Oh, ich kauf' mir was! Wolfsburgs Trainer Felix Magath schreibt Bundesligageschichte und wundert sich über Kritik an seinem Handeln.

Der VfL Wolfsburg nimmt in der bundesweiten Wahrnehmung eine eher untergeordnete Position ein. Das große Publikum verfolgt den Klub mit mäßigem Interesse. Mike Hanke, Profi von Borussia Mönchengladbach, darf da schon fast als Intimkenner gelten. Der Stürmer hat zwei Jahre für den VfL gespielt, doch auch er verliert langsam den Überblick. Ob er denn alle Wolfsburger gekannt habe, wurde Hanke nach dem 0:0 seiner Mannschaft beim VfL gefragt. „Nee“, antwortete er – und bezifferte seine Quote auf 60, 70 Prozent.

Was soll da erst der flüchtige Betrachter sagen? Wie soll er Giovanni Sio von Ibrahim Sissoko unterscheiden, der am Samstag sein Debüt für den VfL gab und damit gleich Geschichte schrieb? Der Ivorer war der 36. Spieler, den Felix Magath in dieser Saison eingesetzt hat. Wolfsburgs Trainer hält jetzt den alleinigen Bundesligarekord.
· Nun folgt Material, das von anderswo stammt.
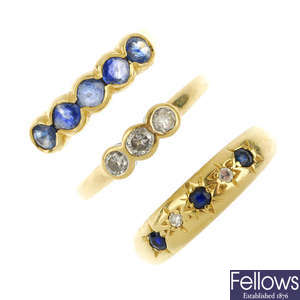 A selection of four 18ct gold gem-set rings. 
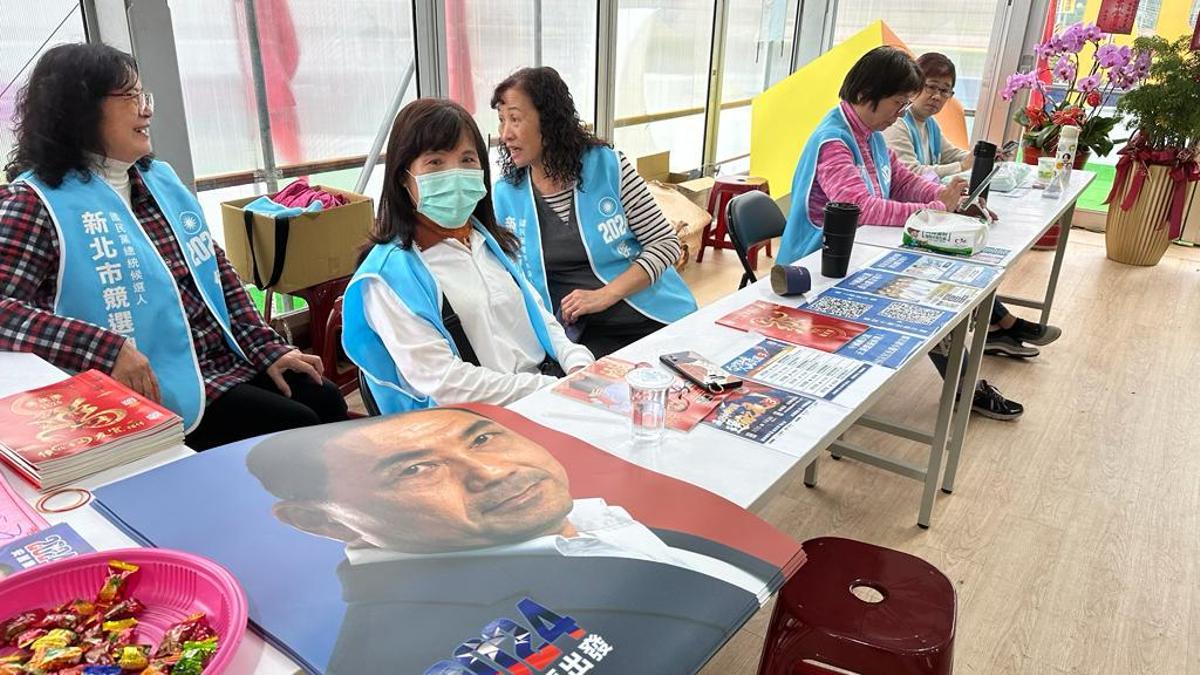 Un grupo de mujeres trabajando en la sede electoral del Kuomintang, con un cartel de su candidato, Hou Yu-ih sobre la mesa.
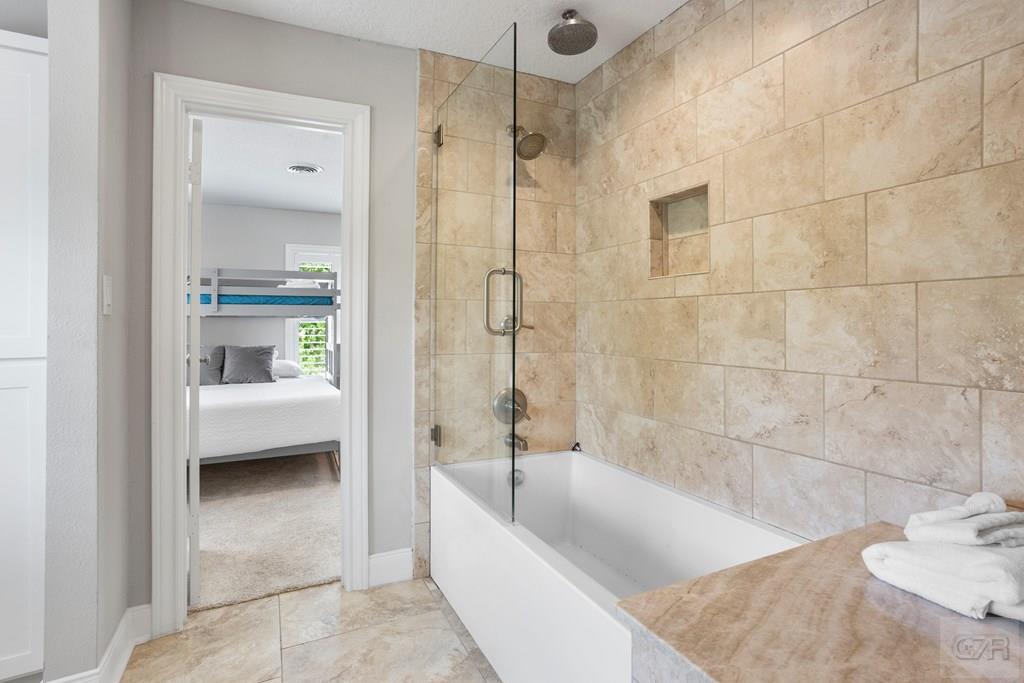 14009 West Hughes Road Dickinson, TX 77539 - Photo 29 of 54 a bathroom with a tub shower and sink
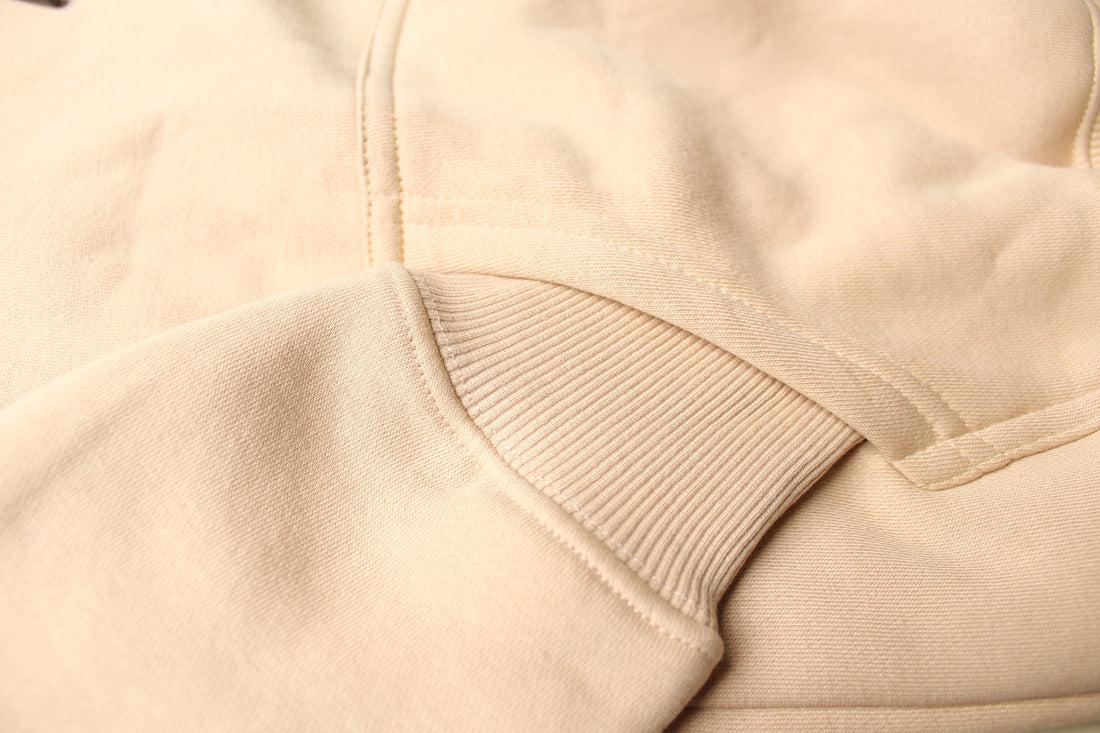 Close-up of beige fabric with a focus on texture and stitching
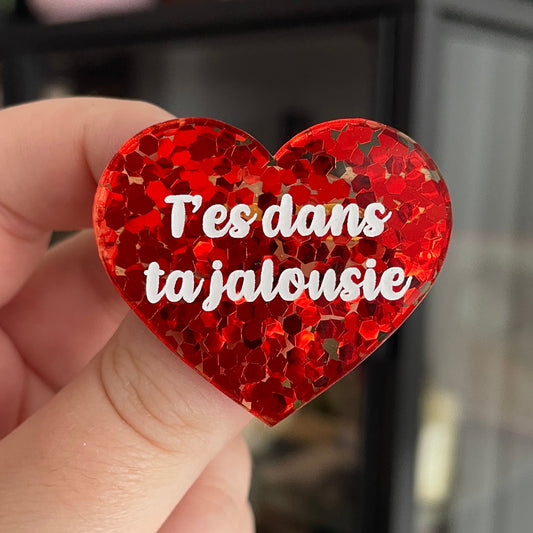 Broche "T'es dans ta jalousie" en acrylique semi transparente avec des confettis rouges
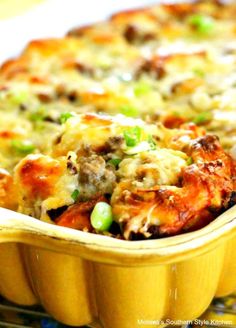 a casserole dish with meat, cheese and green onions in it on a table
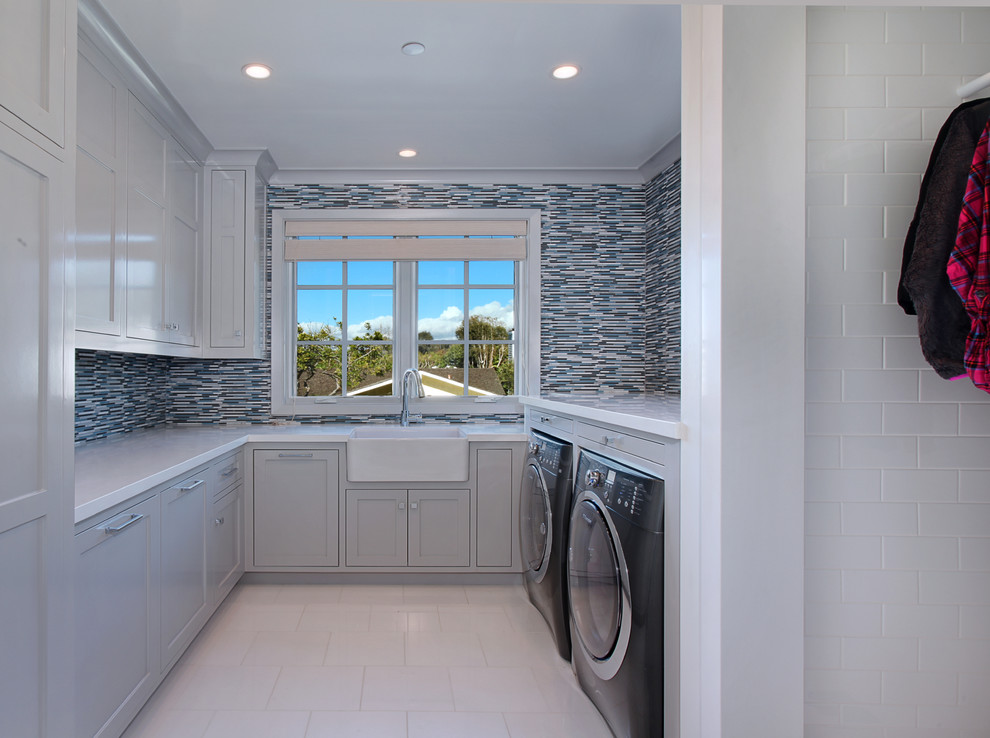 Example of a beach style laundry room design in Orange County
Bisher musste Magath ihn mit einem Kollegen teilen – mit dem früheren Frankfurter Trainer Felix Magath.

Allein im Winter hat Wolfsburgs Alleinherrscher noch einmal fast 30 Millionen Euro für acht neue Spieler ausgegeben. Auf Kritik an seinem Geschäftsgebaren reagiert Magath trotzdem mit Unverständnis. „Wir haben wieder einen Schritt nach vorne gemacht“, sagte er nach dem 0:0 gegen Gladbach. Der VfL spielte in der zweiten Hälfte tatsächlich druckvoll, hat allerdings in den drei Begegnungen der Rückrunde erst ein einziges Tor erzielt.

Für das Stadionmagazin hatte Magath sogar eine Erklärung in eigener Sache verfasst. Mit „Realitäten“ war sein Beitrag überschrieben. Realsatire hätte es besser getroffen. „Wir haben jeden Transfer genauestens analysiert, die Spieler intensiv beobachtet“, heißt es da. „Kritisches Urteilsvermögen, langjährige Erfahrungen auf dem Transfermarkt und im Berufsfußball waren eine feste Basis für unsere Vorgehensweise.“ Und weiter: „Kein wahlloses Agieren nach dem Zufallsprinzip, sondern strategisches Handeln prägt unsere Philosophie.“ In der Berichterstattung hatte Magath stattdessen nur „Parolen statt Realitäten“ ausgemacht. Immerhin gestand er damit zumindest indirekt ein, dass es mehr als eine Realität gibt: seine eigene und die der anderen.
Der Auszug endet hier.